START Data provided
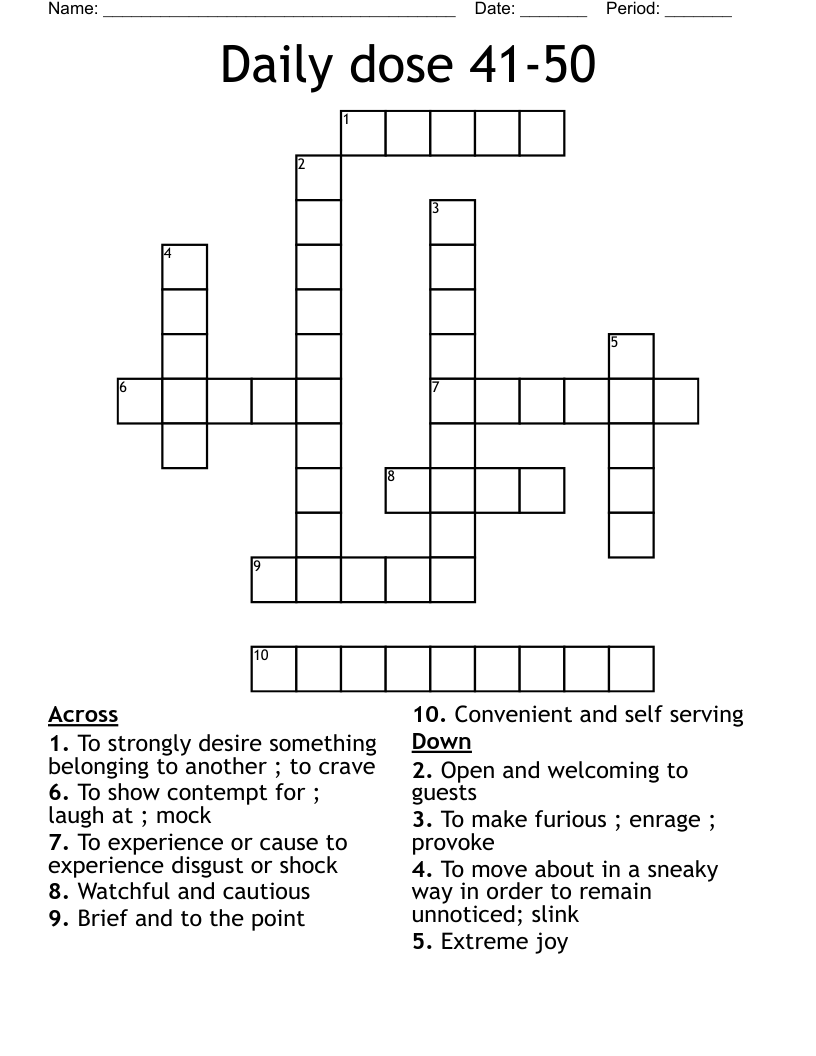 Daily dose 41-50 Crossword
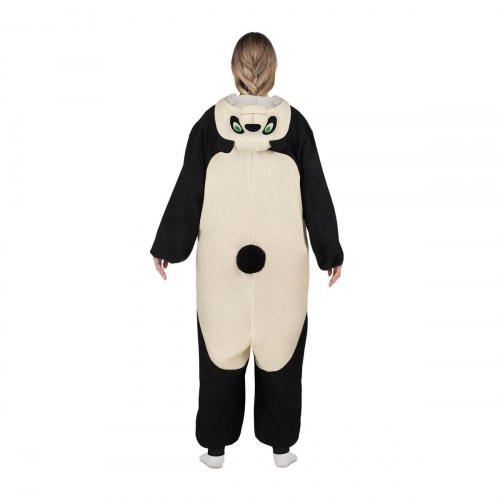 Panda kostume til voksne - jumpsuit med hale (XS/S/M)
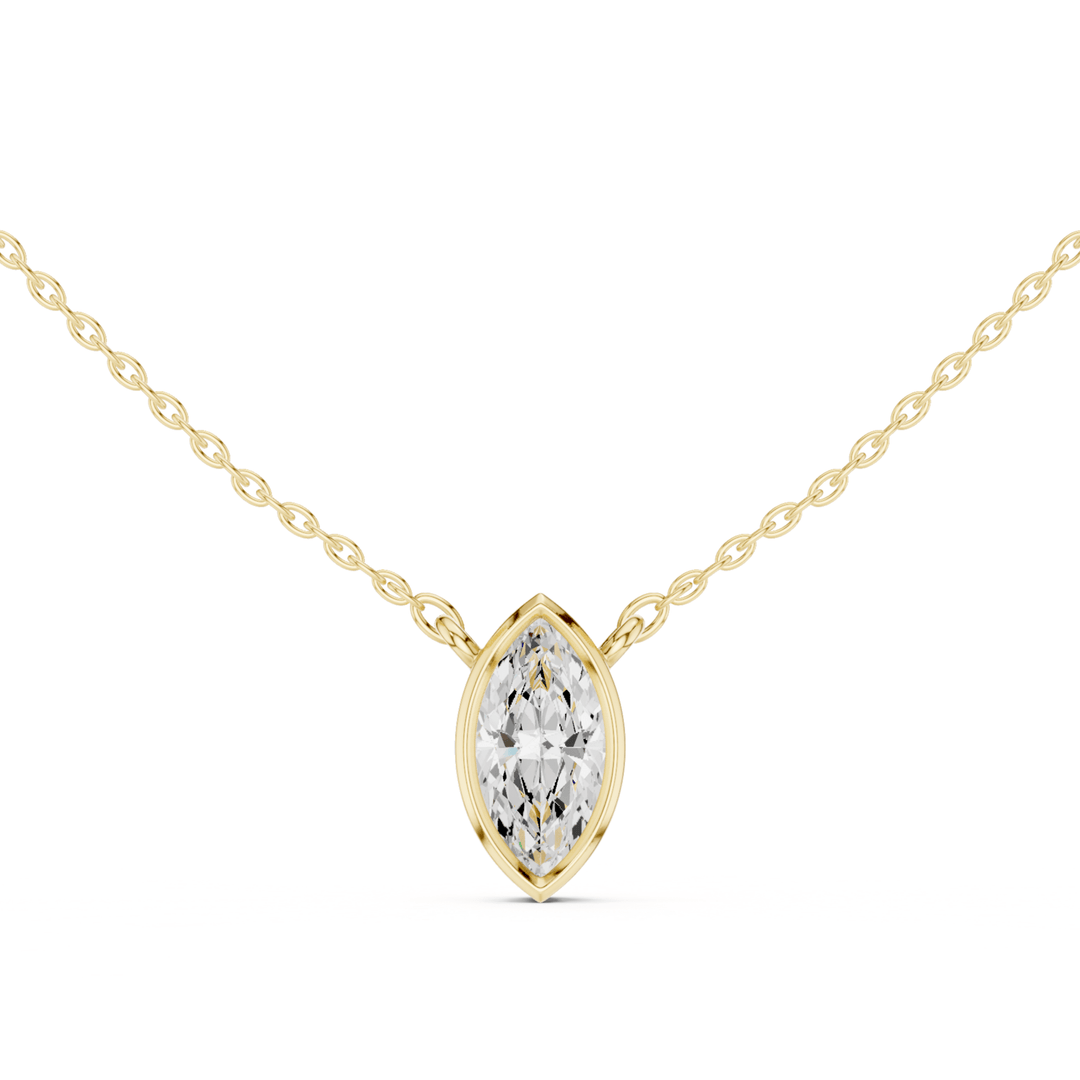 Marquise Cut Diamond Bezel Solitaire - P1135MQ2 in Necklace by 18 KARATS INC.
END Data provided
Required action: Only the listing above, set down exactly and without pictures, belongs in the answer.

Written solution:
 Daily dose 41-50 Crossword
 Panda kostume til voksne - jumpsuit med hale (XS/S/M)
 Marquise Cut Diamond Bezel Solitaire - P1135MQ2 in Necklace by 18 KARATS INC.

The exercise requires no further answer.